SANTA CRUZ – Workbench, the developer behind the proposed Clocktower Center project in downtown Santa Cruz, recently submitted a preliminary application to the City of Santa Cruz to construct a mixed-use building on the vacant lot at 1024 Soquel Ave.

According to the city’s website, the submitted preliminary application calls for a six-story, mixed-use building with a rooftop terrace consisting of commercial space on the ground floor and 76 residential units.

The preliminary application is part of SB 330, the Housing Crisis Act of 2019. The law requires local agencies to compile a preliminary application checklist and application form to expedite the review process and establish the development standards and fees that will apply at the time the application documents are submitted. The City of Santa Cruz or any other municipality is then prohibited from applying any new ordinances, standards, or policies to a project with a complete preliminary application.

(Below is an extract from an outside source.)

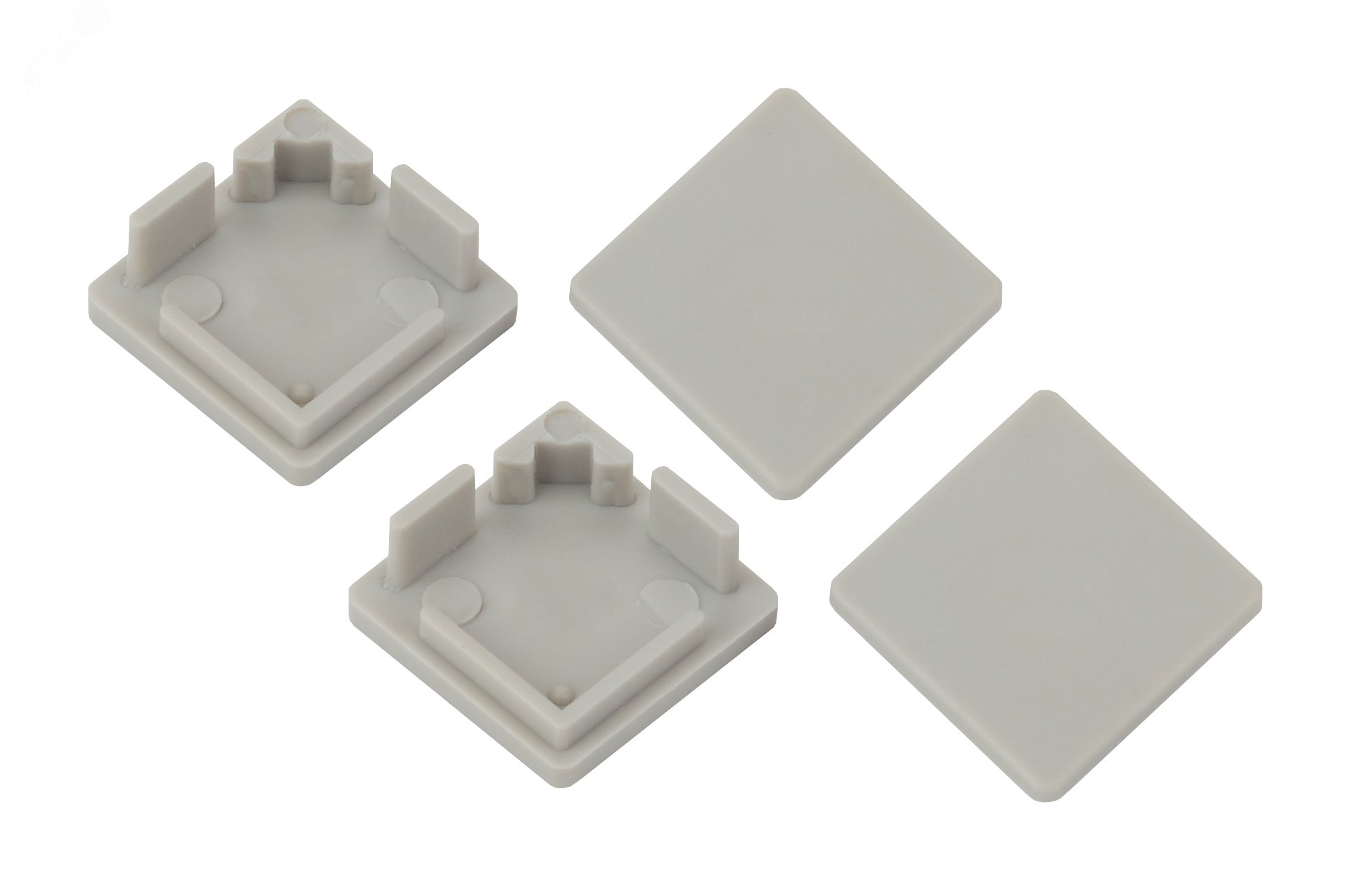 Набор заглушек для профиля CAB280, 4 глухие квадратные (500/24000)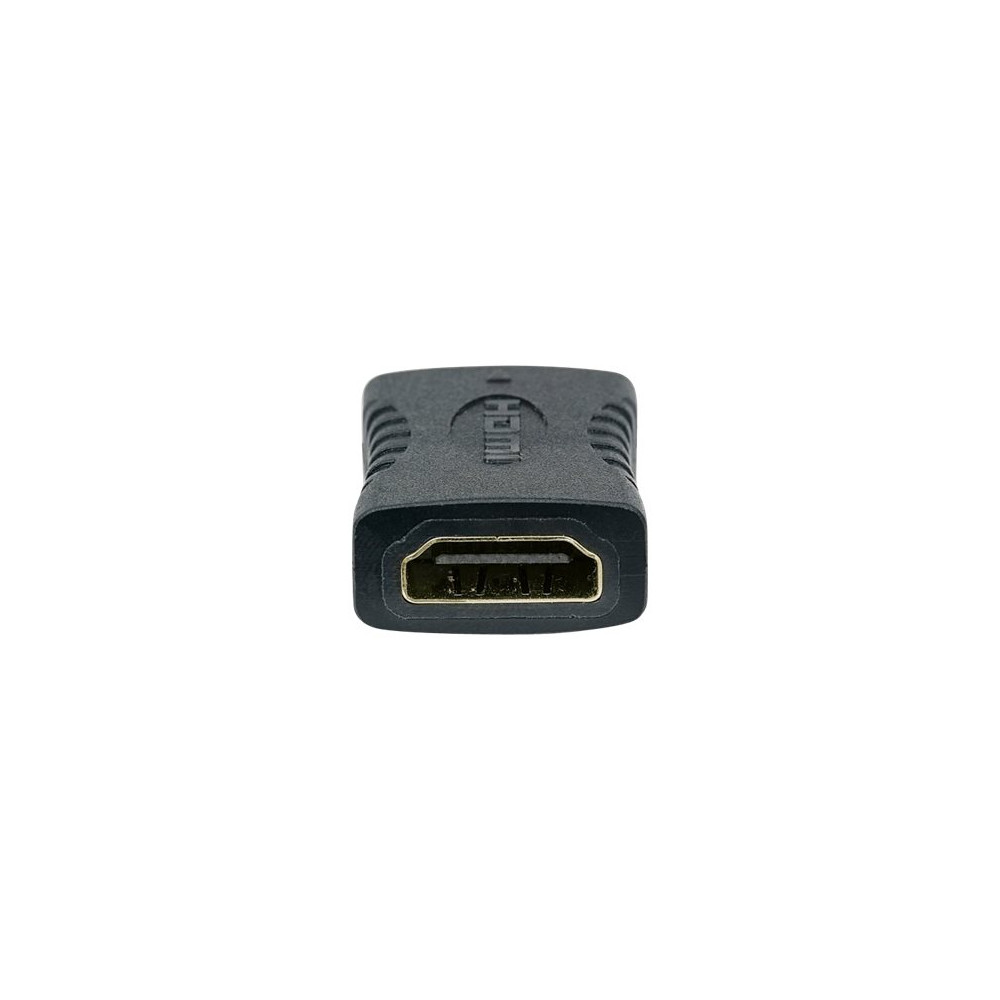 Produktbild för Manhattan HDMI Coupler, 4K@60Hz (Premium High Speed), Female to Female, Straight Connection, Black, Ultra HD 4k x 2k, Fully Shielded, Gold Plated Contacts, Lifetime Warranty, Polybag - HDMI-anslutning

Development firm Workbench has submitted a preliminary application to build a six-story mixed-use building at 1024 Soquel Ave. (Aric Sleeper/Santa Cruz Sentinel)
Development firm Workbench has submitted a preliminary application to build a six-story mixed-use building at 1024 Soquel Ave. (Aric Sleeper/Santa Cruz Sentinel)

According to the plan, the six-story project would be about 75 feet tall. The mixed-use development would offer about 1,200 square feet of commercial space on the ground floor, which would form the corner frontage along Soquel Avenue and Cayuga Street. The plans state that the development would contain a mix of 33 one-bedroom, 10 two-bedroom and 33 studio apartments for a total of 76 units. The plans mention that non-habitable space in the project will later be converted into additional residential units not included in the 76-unit total.

Although state law does not require car parking because the facility would be less than a half-mile from a major transit stop, the project calls for 61 car parking spaces in a 7,500-square-foot parking garage that would utilize a car stacking system.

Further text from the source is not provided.